Crap: A History of Cheap Stuff in America by Wendy A. Woloson (University of Chicago Press)
Part history, part sociology, with some firecracker economic insights to boot, Crap: A History of Cheap Stuff in America arrives as a much-needed etymology for everyday goods that we take for granted. But as its title states, Crap isn’t a paean to the well-made, flawlessly designed goods that have become ubiquitous in American households. Instead, its author, Wendy A Woloson, charts the proliferation of cheap goods from the eighteenth century to the present day. Elucidating, witty, and compulsively readable, the case that Woloson builds suggests that, despite massive achievements in industrialization, the United States’ purview isn’t the cotton gin, or the Model T, or any of the all-time light bulbs hovering above inventors’ heads that populate the history books. Rather, it is the cheap tin flatware and hosiery found in the bins of five-and-dime stores, the free toys fished from the bottom of cereal boxes, and the snake oil solutions in search of a problem that, when viewed in aggregate, reveal themselves to be America’s true claim on innovation.

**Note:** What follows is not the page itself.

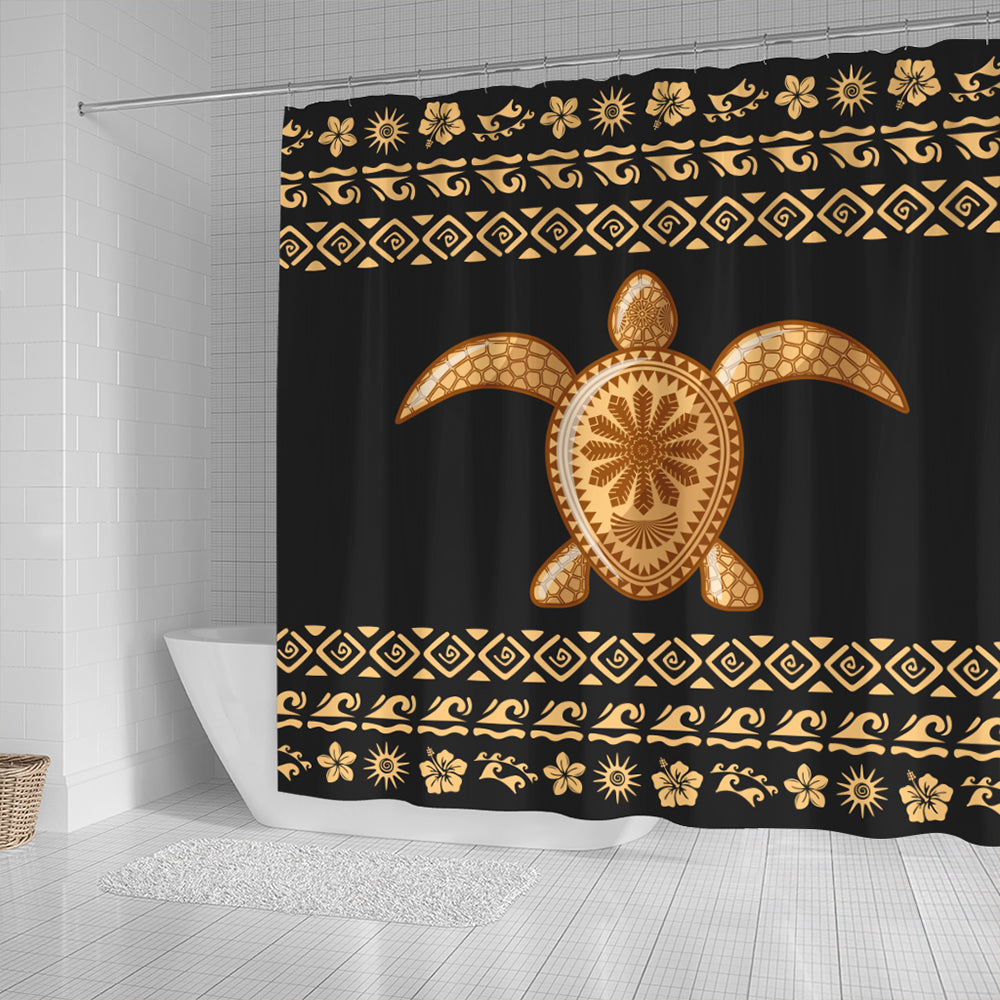 Hawaii Shower Curtain Traditional Turtle Pattern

From this narrative, a compelling and dour critique emerges. Despite goods purchased on the cheap failing consumers in catastrophic ways, carrying no discernible value, or frequently wearing out and requiring continued replacement—thereby making the goods more expensive, in the long run, than buying something more expensive—American consumers continue to flock toward crap because of the sense of abundance it gives them in spite of a bleak economic picture. If this weren’t depressing enough, the onslaught of crap proves so evasive that, in many instances, consumers are unable to tell the difference between a well-made product and a crappy one. Patenting useless “innovations” on standard products to gain a marketing advantage, stocking items outside of packages in stores and individually pricing them to feign the appearance of value: one of the more pervasive themes that Woloson outlines is humanity’s capacity to take advantage—out of necessity or habit as a consumer, but also in a predatory manner as a business owner.
Consumerism critiques are a well-beaten horse; aside from its levity, Crap serves as a welcome addition to that canon by highlighting the numbness of purchases made when individuals have no connection to the goods’ source. The collateral damage of industrialization wisps through its pages, like celluloid flowers going up in smoke.